## Records provided

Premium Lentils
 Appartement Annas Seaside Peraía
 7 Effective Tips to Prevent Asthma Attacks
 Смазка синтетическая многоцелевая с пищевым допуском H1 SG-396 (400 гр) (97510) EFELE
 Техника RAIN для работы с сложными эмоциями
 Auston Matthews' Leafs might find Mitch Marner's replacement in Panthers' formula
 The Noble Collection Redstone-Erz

## What is required
Write the data out again in full. Match it word for word.

## Exercise response
Premium Lentils
 Appartement Annas Seaside Peraía
 7 Effective Tips to Prevent Asthma Attacks
 Смазка синтетическая многоцелевая с пищевым допуском H1 SG-396 (400 гр) (97510) EFELE
 Техника RAIN для работы с сложными эмоциями
 Auston Matthews' Leafs might find Mitch Marner's replacement in Panthers' formula
 The Noble Collection Redstone-Erz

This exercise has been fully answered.